What I came up with is:
find ./ -maxdepth 1 -type f -regex "\.\/"$1""
I have those ./ in the beginning because the find command finds me the files and prints them in ./files format.
The command works if I give the script the argument a.* but if I try to give it something like [0-9]\{2\}[a-zA-Z]* to find me all the files starting with 2 digits, followed by letters, nothing happens and I'm figuring out that it has something to do with escaping special characters but I can't seem to understand why and how to do it properly...
Upvotes: 0
Views: 72
Reputation: 53478
I would guess this is because your filenames don't start with numbers.
Try running:
find ./ -depth 1
And look at the paths you get. In particular in the find
manpage, note:
This is a match on the whole path, not a search
So you should assume implicit ^
and $
anchors.
You probably want something like:
find ./ -depth 1 -regex "\./[0-9][0-9][A-Za-z]*"
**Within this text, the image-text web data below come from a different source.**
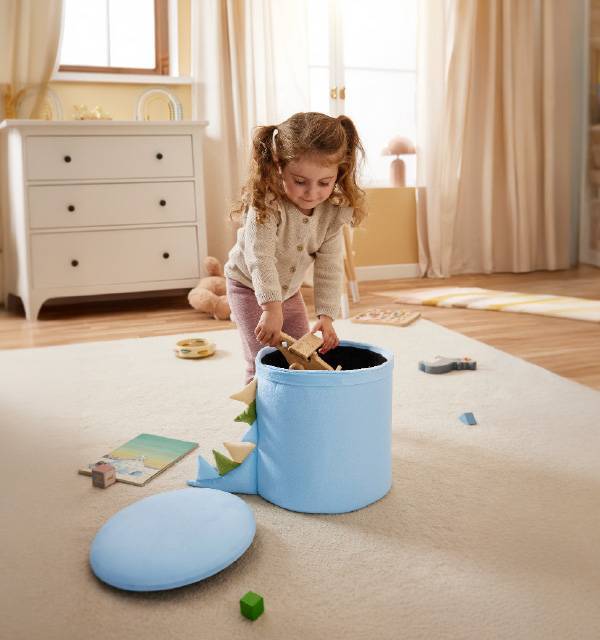 Little girl playing with a blue dinosaur toy storage box and wooden toys on a carpet.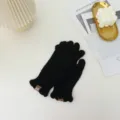 Cozy black knit winter gloves featuring cute ruffled cuffs and chic leather brand labels for daily warmth. - One Size / Black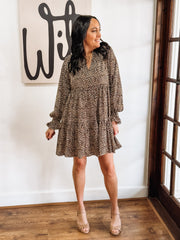 Long sleeve v neck bell sleeve leopard print tiered mini dress.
I didn't get any joy with {}
as quantifiers, so have opted for the simpler answer that works. This may be down to different versions of find
.
Alternatively I might suggest getting perl out, especially as you're only traversing one level:
perl -e 'print join "\n", grep {m/^\d{2}/} glob ( "*" ) '
This uses the subtley different perl grep, which does it match wise on just the filename (expanded from *
).
Or you can add a path:
perl -e 'print join "\n", grep {m,/\d{2},} glob ( "./*" )'
Upvotes: 1
Reputation: 74596
You should quote the argument you're passing, otherwise it may be glob-expanded by the shell before being passed. Also, you will lose the \
as the shell will expand things like \{
to just {
.
You should also quote your argument $1
like this:
find_regex() {
find ./ -maxdepth 1 -type f -regex "\./$1"
}
# usage: find_regex '[0-9]\{2\}[a-zA-Z]*'
This matches a literal .
, followed by a /
, followed by the argument passed to the function. The way you had it in the question meant that the $1
was outside of double quotes, so you would be subject to glob-expansion and losing slashes for the second time.